#### Extracted data

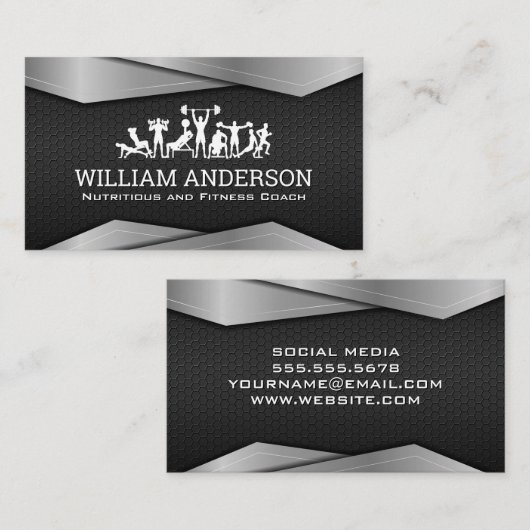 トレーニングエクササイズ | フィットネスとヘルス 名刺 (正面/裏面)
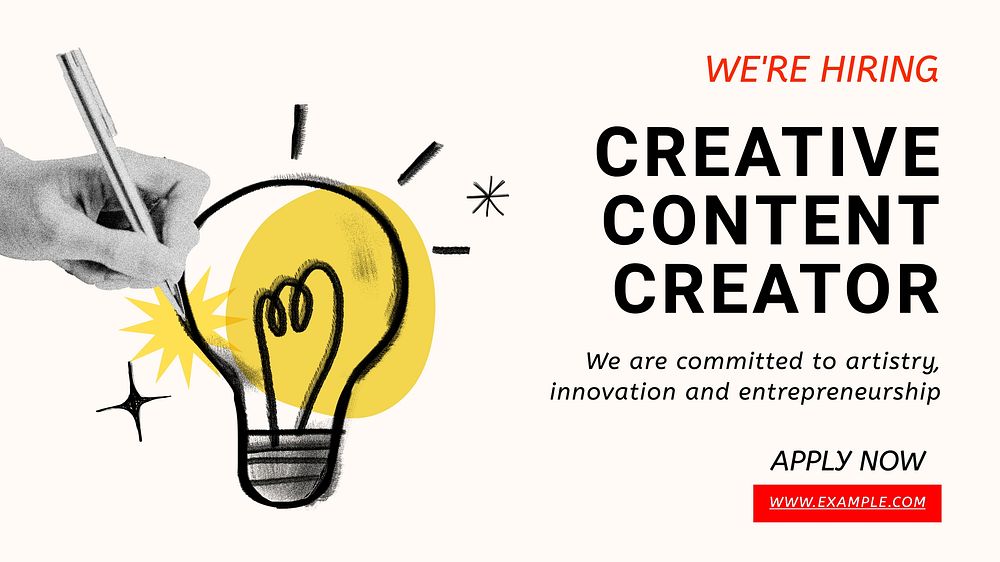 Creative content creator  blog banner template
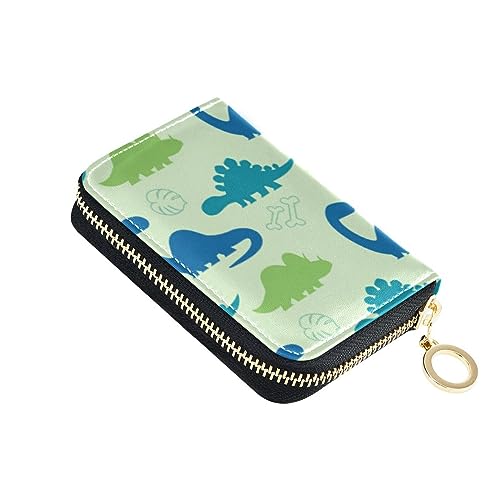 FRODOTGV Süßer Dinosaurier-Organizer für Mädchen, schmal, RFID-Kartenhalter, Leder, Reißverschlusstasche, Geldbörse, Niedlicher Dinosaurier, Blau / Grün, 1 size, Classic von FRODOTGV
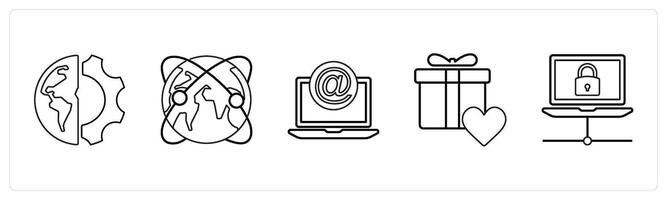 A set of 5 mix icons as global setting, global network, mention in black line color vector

---

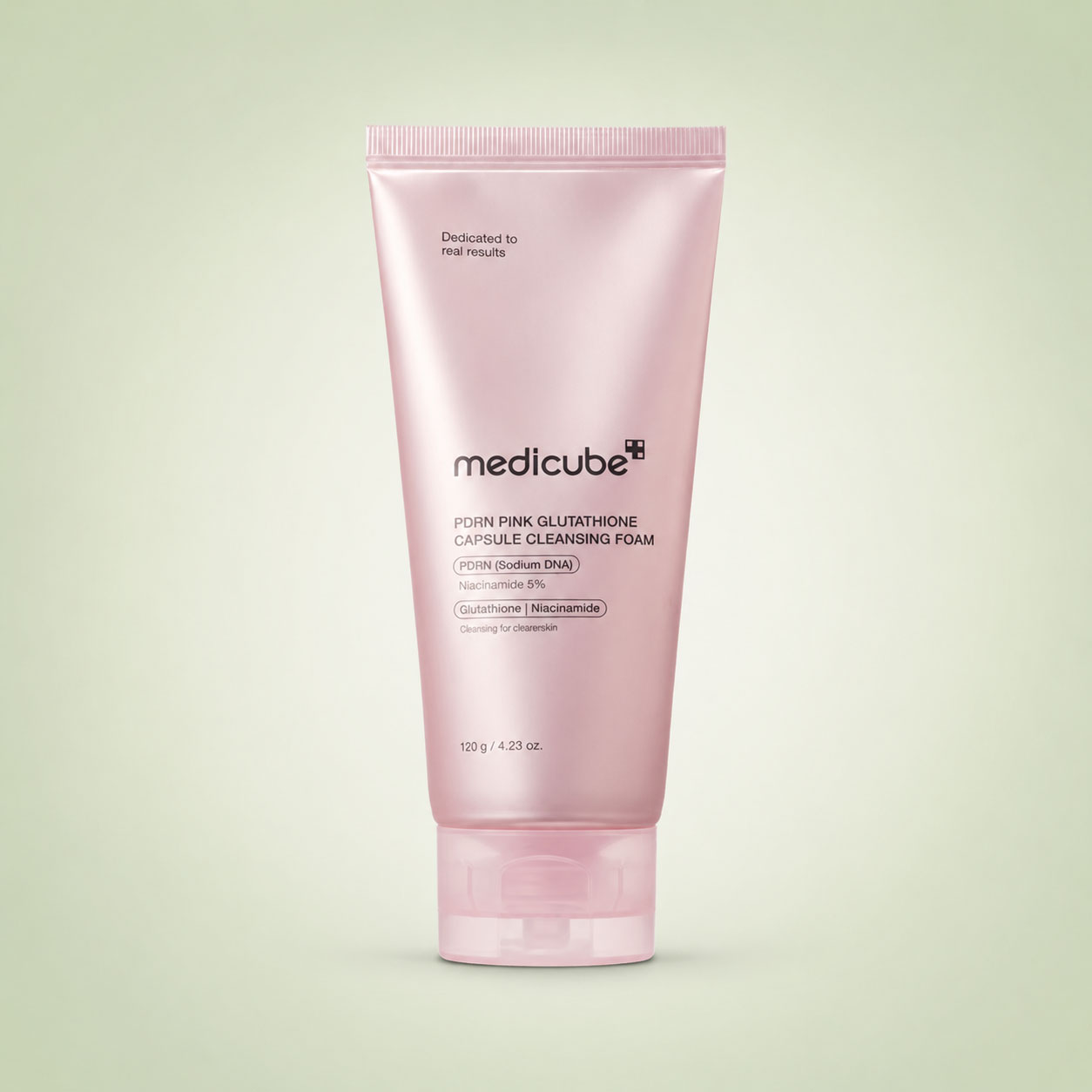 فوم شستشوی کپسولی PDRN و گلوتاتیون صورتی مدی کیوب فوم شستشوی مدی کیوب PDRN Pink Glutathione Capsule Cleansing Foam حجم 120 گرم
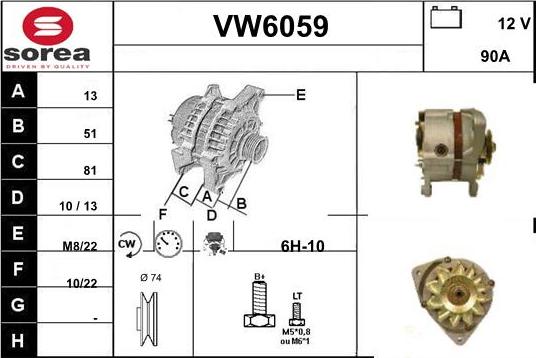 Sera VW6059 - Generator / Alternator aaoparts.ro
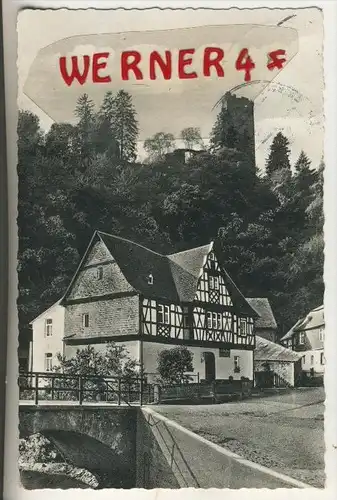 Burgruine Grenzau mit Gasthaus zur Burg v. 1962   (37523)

---

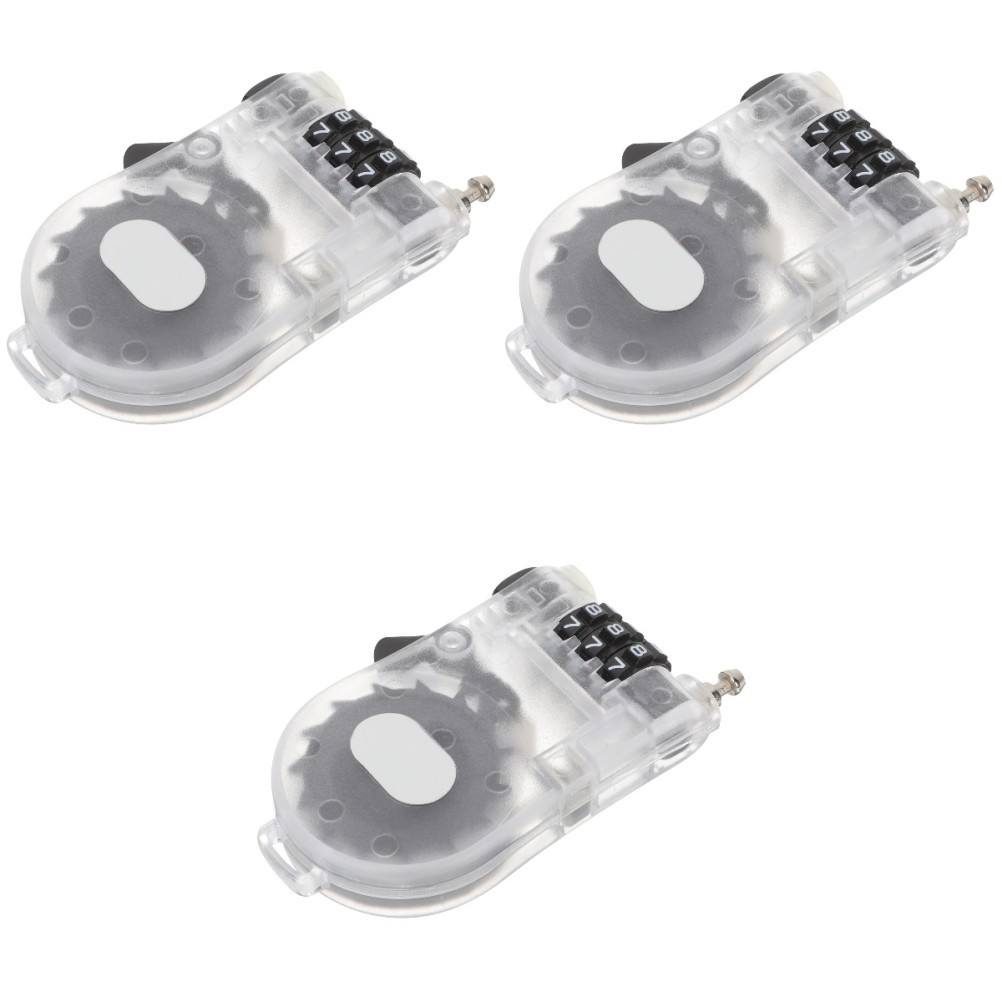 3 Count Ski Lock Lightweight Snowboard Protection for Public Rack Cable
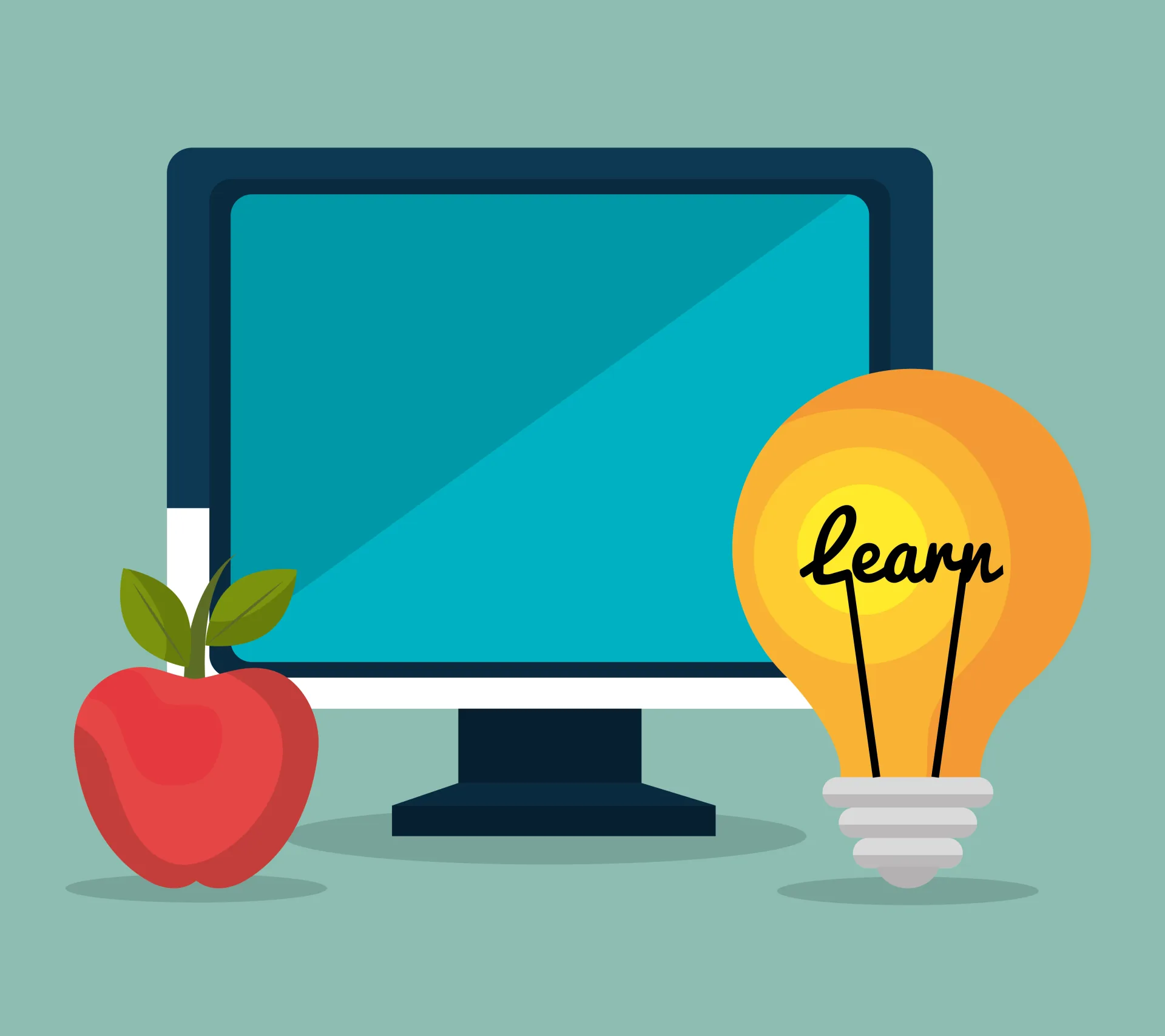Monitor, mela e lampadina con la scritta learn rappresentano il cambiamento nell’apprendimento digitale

#### What to do
All that should be printed is the run of lines above from the one with "فوم شستشوی کپسولی" through the one with "Burgruine Grenzau mit", both included, exactly as given, with pictures left out.

#### Output below
 فوم شستشوی کپسولی PDRN و گلوتاتیون صورتی مدی کیوب فوم شستشوی مدی کیوب PDRN Pink Glutathione Capsule Cleansing Foam حجم 120 گرم
 Sera VW6059 - Generator / Alternator aaoparts.ro
 Burgruine Grenzau mit Gasthaus zur Burg v. 1962   (37523)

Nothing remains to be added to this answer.